Environment Reference
This section provides detailed documentation for all 20 environments in Coopetition-Gym.
Not sure which environment to use? Try the Environment Finder - an interactive tool that matches your research questions to the most relevant environments.
Action Space Model
All Coopetition-Gym v1.x environments implement the uniaxial treatment of coopetition, where agents choose cooperation levels along a [0, endowment] continuum. This design follows the social dilemma tradition in coopetition research (Bengtsson & Kock, 2000; Lado et al., 1997).
Key characteristics:
- Action interpretation: Higher values represent greater cooperation/investment in joint value creation
- Competition modeling: Competitive dynamics emerge through structural parameters, interdependence matrices, bargaining shares, and trust evolution, rather than explicit competitive actions
- Theoretical grounding: The uniaxial and biaxial treatments represent complementary paradigms in the coopetition literature, each capturing different aspects of strategic interaction
Coopetition-Gym v2.x will introduce biaxial treatment with independent cooperation and competition dimensions, enabling agents to simultaneously vary investment in value creation and value capture. See Scope and Strategic Roadmap for theoretical rationale and extension plans.
Environment Overview
TR-1: Interdependence and Complementarity (5 Environments)

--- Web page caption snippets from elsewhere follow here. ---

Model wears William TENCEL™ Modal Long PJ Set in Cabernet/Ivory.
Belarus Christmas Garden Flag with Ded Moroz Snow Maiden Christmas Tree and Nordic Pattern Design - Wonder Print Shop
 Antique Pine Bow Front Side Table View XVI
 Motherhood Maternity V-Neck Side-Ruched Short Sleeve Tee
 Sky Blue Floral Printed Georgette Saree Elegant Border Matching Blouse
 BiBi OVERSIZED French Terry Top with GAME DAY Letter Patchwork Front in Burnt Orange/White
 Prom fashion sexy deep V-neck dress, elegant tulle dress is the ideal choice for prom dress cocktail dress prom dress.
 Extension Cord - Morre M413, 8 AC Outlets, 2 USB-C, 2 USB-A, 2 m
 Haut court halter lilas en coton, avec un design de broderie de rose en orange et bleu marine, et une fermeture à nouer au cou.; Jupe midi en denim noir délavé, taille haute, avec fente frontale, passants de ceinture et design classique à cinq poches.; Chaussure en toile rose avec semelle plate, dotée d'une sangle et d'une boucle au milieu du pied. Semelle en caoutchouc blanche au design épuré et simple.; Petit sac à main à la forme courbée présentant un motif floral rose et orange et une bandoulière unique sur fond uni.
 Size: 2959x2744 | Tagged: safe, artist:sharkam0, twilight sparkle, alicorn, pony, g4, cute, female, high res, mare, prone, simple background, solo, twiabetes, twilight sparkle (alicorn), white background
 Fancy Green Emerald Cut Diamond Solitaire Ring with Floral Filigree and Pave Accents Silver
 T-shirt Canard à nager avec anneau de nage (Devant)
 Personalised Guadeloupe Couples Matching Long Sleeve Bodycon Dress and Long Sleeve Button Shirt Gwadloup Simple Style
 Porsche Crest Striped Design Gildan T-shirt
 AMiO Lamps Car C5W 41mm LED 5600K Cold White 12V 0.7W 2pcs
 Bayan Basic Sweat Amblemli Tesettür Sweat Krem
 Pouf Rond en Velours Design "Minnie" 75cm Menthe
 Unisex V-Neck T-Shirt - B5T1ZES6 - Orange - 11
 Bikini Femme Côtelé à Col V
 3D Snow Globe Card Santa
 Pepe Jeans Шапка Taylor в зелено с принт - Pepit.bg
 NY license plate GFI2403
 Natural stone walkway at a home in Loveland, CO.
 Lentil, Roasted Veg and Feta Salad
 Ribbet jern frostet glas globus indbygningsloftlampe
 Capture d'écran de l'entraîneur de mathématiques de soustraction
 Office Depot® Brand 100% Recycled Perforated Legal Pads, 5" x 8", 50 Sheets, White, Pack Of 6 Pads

| Environment | Agents | Category | Key Challenge |
|---|---|---|---|
| PartnerHoldUp-v0 | 2 | Dyadic | Power dynamics and exploitation |
| PlatformEcosystem-v0 | 1+N | Ecosystem | Ecosystem health management |
| DynamicPartnerSelection-v0 | N | Ecosystem | Social learning and signaling |
| SynergySearch-v0 | 2 | Benchmark | Exploration vs. exploitation |
| RenaultNissan-v0 | 2 | Case Study | Multi-phase alliance dynamics |
TR-2: Trust and Reputation Dynamics (5 Environments)
| Environment | Agents | Category | Key Challenge |
|---|---|---|---|
| TrustDilemma-v0 | 2 | Dyadic | Long-horizon impulse control |
| RecoveryRace-v0 | 2 | Benchmark | Planning under trust constraints |
| SLCD-v0 | 2 | Case Study | Validated Samsung-Sony model |
| CooperativeNegotiation-v0 | 2 | Extended | Commitment and breach penalties |
| ReputationMarket-v0 | N | Extended | Reputation as strategic asset |
TR-3: Collective Action and Loyalty (5 Environments)
| Environment | Agents | Category | Key Challenge |
|---|---|---|---|
| TeamProduction-v0 | 4 | Collective Action | Free-rider dynamics |
| LoyaltyTeam-v0 | 4 | Collective Action | Loyalty-sustained cooperation |
| CoalitionFormation-v0 | 6 | Collective Action | Coalition stability with exclusion |
| ApacheProject-v0 | 8-40 | Validated (TR-3) | Phase-dependent contributor dynamics |
| PublicGoods-v0 | 5 | Collective Action | Classic public goods contribution |
TR-4: Sequential Interaction and Reciprocity (5 Environments)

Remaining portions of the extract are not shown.